%%

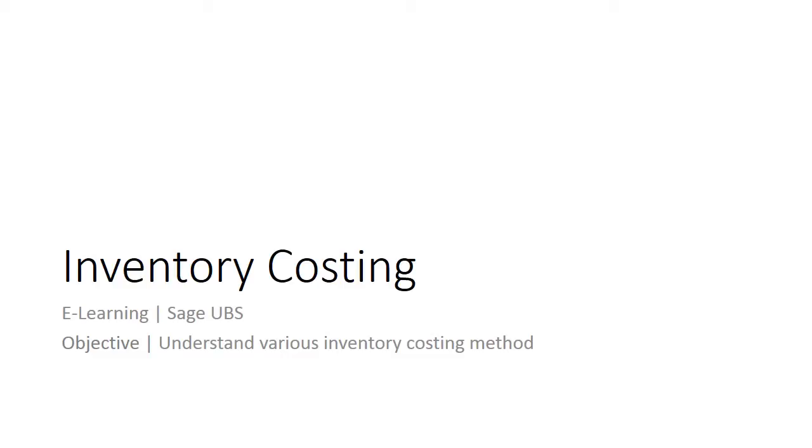Welcome to the e-learning for Sage UBS on the topic of inventory costing. Sage UBS supports various inventory costing methods: fixed cost, moving average, and first-in-first-out. Learn how Sage UBS handles it.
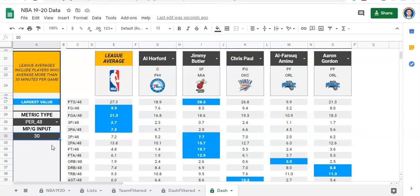The other thing we're going to do is, instead of looking at a league average that includes players above a certain minutes-per-game threshold, we want to add a minimum and a maximum — so between 30 and 40, or between 10 and 15. Those are the two major things we'll do in this video, and then we'll start setting up our data for the player profile area.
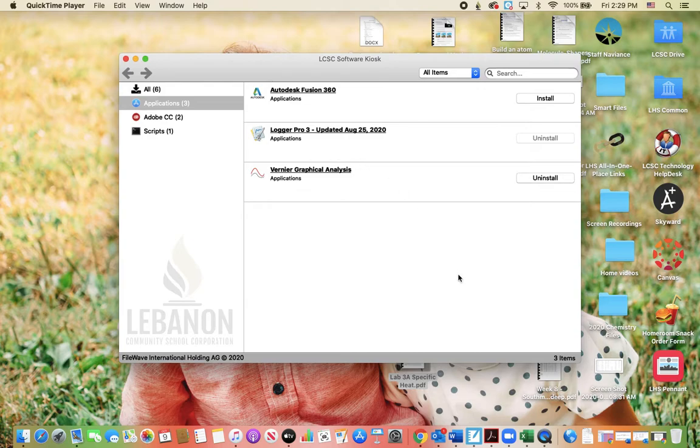So that's how you install the Vernier analysis software on your school computer.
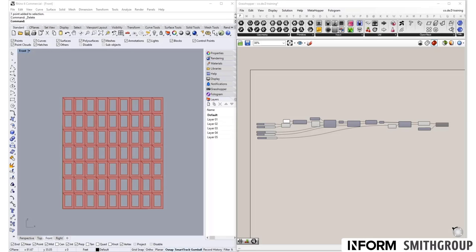So far, we've learned different data mapping techniques, working with geometry and domains. For this section, we're going to be working with colors — specifically, how do we map colors onto a list of geometry?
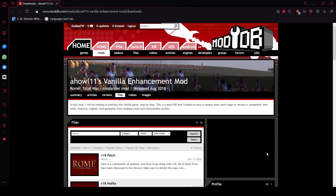I've been getting a lot of questions about installing the Vanilla Enhancement mod for Rome Total War, as well as Rome Total War mods in general. So I thought I would make a quick video — a general guide to installing Rome Total War mods — using the Vanilla Enhancement mod as an example. I'll also explain the differences between how to install this mod and a few other kinds of mods.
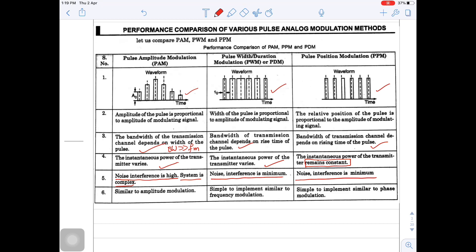If you compare PAM, PWM, and PPM with analog modulation schemes: PAM is similar to amplitude modulation. PWM or PDM is similar to frequency modulation. PPM is similar to phase modulation. Thank you.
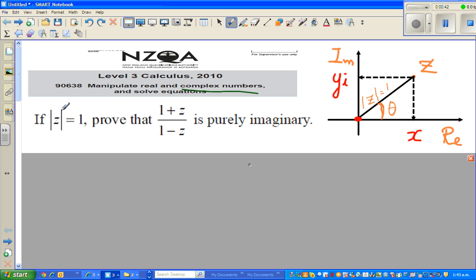Now, what's the question? If z, or modulus of z, is equal to 1, prove that (1 + z) over (1 - z) is purely imaginary. So any complex number z can be written as x + yi.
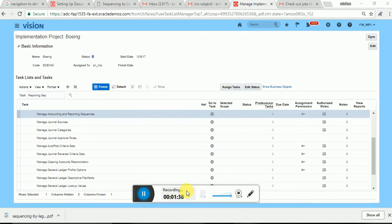Reporting sequence is generated — we typically define the reporting sequence when the general ledger journal entries are posted. When the general ledger journal entries and sub-ledger journal entries are posted, then the reporting sequence will be triggered.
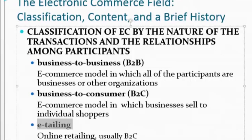Very few businesses can survive without other businesses, so we are all here to help each other and make our own profits. This is the most basic transaction between businesses and it's called B2B. Then you have business to consumer — an e-commerce model in which businesses sell to individual shoppers. When describing a business model, you have to identify whether it's B2B, B2C, or e-tailing, applying whichever fits the description.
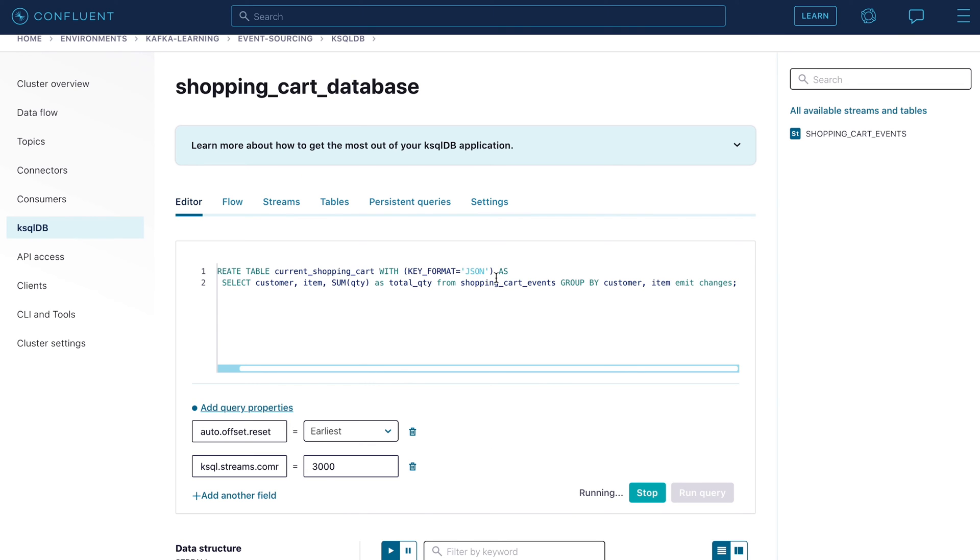We create the query that transforms the events into the summary table. To do this, we must include a sum on the quantity field with an associated group by that aggregates the events by item. The result will be a table that reflects how many items are in the shopping cart right now. So the removal should cancel the items we added.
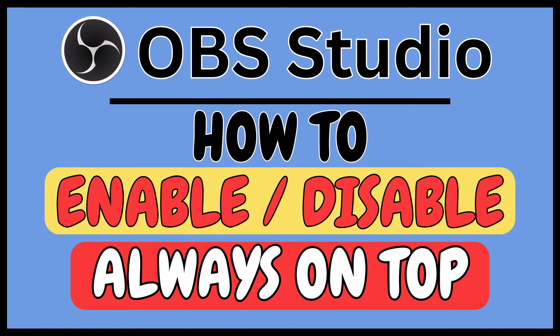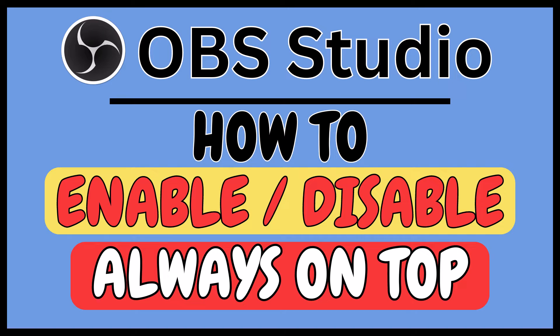This is going to be a video tutorial on how to enable or disable always on top in the OBS Studio software. Let me jump over to OBS Studio.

%%

> _WHAT IS BEING ASKED_
Any images must be left out; transcribe the rest of the material exactly.

> _EXERCISE OUTPUT_
Welcome to the e-learning for Sage UBS on the topic of inventory costing. Sage UBS supports various inventory costing methods: fixed cost, moving average, and first-in-first-out. Learn how Sage UBS handles it.
The other thing we're going to do is, instead of looking at a league average that includes players above a certain minutes-per-game threshold, we want to add a minimum and a maximum — so between 30 and 40, or between 10 and 15. Those are the two major things we'll do in this video, and then we'll start setting up our data for the player profile area.
So that's how you install the Vernier analysis software on your school computer.
So far, we've learned different data mapping techniques, working with geometry and domains. For this section, we're going to be working with colors — specifically, how do we map colors onto a list of geometry?
I've been getting a lot of questions about installing the Vanilla Enhancement mod for Rome Total War, as well as Rome Total War mods in general. So I thought I would make a quick video — a general guide to installing Rome Total War mods — using the Vanilla Enhancement mod as an example. I'll also explain the differences between how to install this mod and a few other kinds of mods.
If you compare PAM, PWM, and PPM with analog modulation schemes: PAM is similar to amplitude modulation. PWM or PDM is similar to frequency modulation. PPM is similar to phase modulation. Thank you.
Now, what's the question? If z, or modulus of z, is equal to 1, prove that (1 + z) over (1 - z) is purely imaginary. So any complex number z can be written as x + yi.
Reporting sequence is generated — we typically define the reporting sequence when the general ledger journal entries are posted. When the general ledger journal entries and sub-ledger journal entries are posted, then the reporting sequence will be triggered.
Very few businesses can survive without other businesses, so we are all here to help each other and make our own profits. This is the most basic transaction between businesses and it's called B2B. Then you have business to consumer — an e-commerce model in which businesses sell to individual shoppers. When describing a business model, you have to identify whether it's B2B, B2C, or e-tailing, applying whichever fits the description.
We create the query that transforms the events into the summary table. To do this, we must include a sum on the quantity field with an associated group by that aggregates the events by item. The result will be a table that reflects how many items are in the shopping cart right now. So the removal should cancel the items we added.
This is going to be a video tutorial on how to enable or disable always on top in the OBS Studio software. Let me jump over to OBS Studio.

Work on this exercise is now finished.